I would appreciate any help - thank you in advance. 

 
Most Helpful

Hi!

The definition can vary a bit. But let me provide some input with regards to valuation.

UFCF (or FCFF) for the purpose of conducting a DCF assumes that the company is unlevered, i.e has no debt and therefore no interest payments to take into account for; this means that EBIT = EBT. Deduct the tax expense based on this and adjust for CF affecting items (add-back of D&A, delta NWC and deduct capex).

For LFCF (or FCFE), used in equity valuations and LBOs, the main difference is that you will need to deduct the interest expense from UFCF and add corresponding tax savings (since interest expenses will lower your EBT), or in other words; interest expense net of tax.

For dividends, I would exclude them in both calcs.
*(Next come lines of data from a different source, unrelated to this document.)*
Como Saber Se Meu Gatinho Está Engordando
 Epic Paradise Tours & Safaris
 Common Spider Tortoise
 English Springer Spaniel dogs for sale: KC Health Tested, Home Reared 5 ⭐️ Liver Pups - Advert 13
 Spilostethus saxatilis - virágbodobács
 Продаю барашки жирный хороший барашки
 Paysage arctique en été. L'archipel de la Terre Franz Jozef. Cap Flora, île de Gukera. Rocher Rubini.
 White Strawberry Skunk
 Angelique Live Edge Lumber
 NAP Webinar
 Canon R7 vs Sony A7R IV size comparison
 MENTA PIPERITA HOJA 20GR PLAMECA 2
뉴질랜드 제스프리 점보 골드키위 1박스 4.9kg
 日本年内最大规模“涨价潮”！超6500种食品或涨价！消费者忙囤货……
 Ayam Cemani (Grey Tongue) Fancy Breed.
UFCF is cap structure neutral, and LFCF basically answers the question, in simple terms, “how much cash flow do we have left and can pay out as dividends”. (not taking into account mandatory debt repayments etc)

Hope this is of any help!

 

… realised I missed your query in how it relates to multiples.

I would recommend keeping it to EV multiples. You wanna keep it simple when spreading comps, keep it to EV multiples and make a simplification of “FCF”. I.e define FCF* as EBITDA - Capex for your TargetCo and it’s comps (remember to footnote whatever definition you go with).

*Include delta NWC if you are prudent with your comps and/or if it’s a non-negligible part of the industry (forward-looking estimates of NWC can be a bit iffy depending on ER coverage). But generally skip taxes since it can vary widely from geographies, NOLs etc.